研究所の業務の一部をご紹介します。各年度の活動を網羅的に記載する『年報』や、研究所の組織や年次計画にもとづいた研究活動を視覚的にわかりやすくお知らせする『概要』、そしてさまざまな研究活動と関連するニュースの中から、速報性と公共性の高い情報を記事にしてお知らせする『TOBUNKEN NEWS (東文研ニュース)』と合わせてご覧いだければ幸いです。なおタイトルの下線は、それぞれの部のイメージカラーを表しています。

東京文化財研究所 保存科学研究センター
文化財情報資料部 文化遺産国際協力センター
無形文化遺産部


インドネシア・プランバナン遺跡復興支援第3次調査―文化庁「文化遺産国際協力拠点交流事業」―

ガルーダ祠堂 解体の始まった頂部の調査
東京文化財研究所とジョグジャカルタ特別州考古遺跡管理事務所のメンバー

 文化遺産国際協力センターでは、2006年5月27日のジャワ中部地震で被災した世界遺産プランバナン遺跡の復興支援事業への協力を行なっています。日本の草の根文化無償の支援によるガルーダ祠堂の足場の架設工事の完了を受けて、2007年10月22日から11月4日にかけて第3次ミッションを派遣しました。今回の調査では、部分解体が始まったガルーダ祠堂を中心に、頂部の被害状況と内部構造の確認、過去の修復に関する文献収集調査および聞き取り調査を行ったほか、ガルーダ祠堂とほぼ同じ構造をもつハンサ祠堂を対象に、構造体の振動特性の究明のための地震動計によるモニタリングを開始しました。これらの調査はジョグジャカルタ特別州考古遺跡管理事務所、ガジャマダ大学との協力を得て実施されました。
 現在は、調査に先だって作成された祠堂各面の幾何補正画像を活用し、各石材の破損状態、補修方法と解体範囲を図示し、修理事業費の積算が可能な水準での設計資料を整える準備を進めています。さらに、祠堂の構造特性に関する解析結果に基づき構造補強方法を検討の上、修理設計案を本年度中に提示していく予定です。

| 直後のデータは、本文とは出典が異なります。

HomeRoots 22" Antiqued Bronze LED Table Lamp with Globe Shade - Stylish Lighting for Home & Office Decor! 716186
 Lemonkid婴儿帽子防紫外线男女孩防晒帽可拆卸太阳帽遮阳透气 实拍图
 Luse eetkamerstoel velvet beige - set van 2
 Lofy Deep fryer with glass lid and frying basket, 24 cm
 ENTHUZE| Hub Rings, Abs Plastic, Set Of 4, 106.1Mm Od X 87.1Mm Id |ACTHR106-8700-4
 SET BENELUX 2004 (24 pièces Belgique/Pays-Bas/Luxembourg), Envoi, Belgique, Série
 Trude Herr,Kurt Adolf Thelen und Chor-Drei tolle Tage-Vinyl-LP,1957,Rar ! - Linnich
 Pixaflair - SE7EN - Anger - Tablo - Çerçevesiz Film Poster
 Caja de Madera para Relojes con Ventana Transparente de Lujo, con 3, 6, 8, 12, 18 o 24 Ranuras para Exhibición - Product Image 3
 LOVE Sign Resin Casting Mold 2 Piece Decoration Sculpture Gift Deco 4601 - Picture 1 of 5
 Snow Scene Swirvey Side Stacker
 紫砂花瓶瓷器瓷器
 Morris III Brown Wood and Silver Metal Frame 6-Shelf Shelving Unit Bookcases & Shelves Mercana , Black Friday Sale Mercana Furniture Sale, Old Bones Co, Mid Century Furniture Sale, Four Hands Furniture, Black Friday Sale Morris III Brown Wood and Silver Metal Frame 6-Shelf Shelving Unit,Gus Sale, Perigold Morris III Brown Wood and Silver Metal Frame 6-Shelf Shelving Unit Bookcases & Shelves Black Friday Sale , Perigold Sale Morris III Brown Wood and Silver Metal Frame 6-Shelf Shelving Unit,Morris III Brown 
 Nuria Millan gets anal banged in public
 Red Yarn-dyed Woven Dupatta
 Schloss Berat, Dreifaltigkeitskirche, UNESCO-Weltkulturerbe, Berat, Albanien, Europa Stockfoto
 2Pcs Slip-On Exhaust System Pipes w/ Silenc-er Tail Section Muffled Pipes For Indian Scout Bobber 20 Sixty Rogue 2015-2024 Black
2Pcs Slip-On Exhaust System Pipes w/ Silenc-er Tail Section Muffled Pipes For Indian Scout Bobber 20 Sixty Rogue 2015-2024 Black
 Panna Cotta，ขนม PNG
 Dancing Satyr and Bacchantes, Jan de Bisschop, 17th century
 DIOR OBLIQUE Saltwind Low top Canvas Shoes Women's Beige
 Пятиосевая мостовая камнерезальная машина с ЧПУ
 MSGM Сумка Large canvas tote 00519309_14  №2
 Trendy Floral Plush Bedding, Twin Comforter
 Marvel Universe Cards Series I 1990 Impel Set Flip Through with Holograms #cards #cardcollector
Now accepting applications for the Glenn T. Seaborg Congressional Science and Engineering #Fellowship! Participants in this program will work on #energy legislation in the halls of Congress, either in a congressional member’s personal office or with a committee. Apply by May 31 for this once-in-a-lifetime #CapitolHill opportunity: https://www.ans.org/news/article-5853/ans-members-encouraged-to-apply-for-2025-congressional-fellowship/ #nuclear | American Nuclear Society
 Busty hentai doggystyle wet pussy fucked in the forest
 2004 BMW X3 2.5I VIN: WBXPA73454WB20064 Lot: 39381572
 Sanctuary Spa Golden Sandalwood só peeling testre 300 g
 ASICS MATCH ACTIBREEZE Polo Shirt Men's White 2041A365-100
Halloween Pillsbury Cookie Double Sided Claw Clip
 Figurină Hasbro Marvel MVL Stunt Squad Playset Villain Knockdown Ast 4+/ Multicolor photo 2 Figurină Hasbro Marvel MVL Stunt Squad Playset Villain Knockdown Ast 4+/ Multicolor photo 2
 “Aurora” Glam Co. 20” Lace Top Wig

中央アジアにおける文化財保護施策に関する国際会議にむけた現状調査

タシケントでの文化財保護制度に関する聞きとり調査

 文化遺産国際協力センターでは、文化財保護施策に関する国際研究の一環として、本年度は中央アジアを対象とした研究を行っています。9月9日から16日には、中央アジアにおける文化財保護に関する現状調査と、3月に中央アジアで実施を予定しているアジア文化遺産国際会議の準備のため、タシケント(ウズベキスタン)とアルマティ(カザフスタン)を訪れ、現地政府やユネスコの関係者と面会し、情報収集およびニーズアセスメントのための協議を行いました。1991年のソビエト崩壊による独立以降、中央アジアの各国では、制度から保存の現場まで幅広い問題に直面しています。今回の調査では、考古遺跡の保存と管理活用、遺物の保存環境、人材育成など、現地で問題視される具体的な課題が示されるとともに、日本および中央アジア諸国の文化財関連分野の専門家による国際会議を実施し、今後の情報交換や技術移転のため、協力していくことで合意が得られました。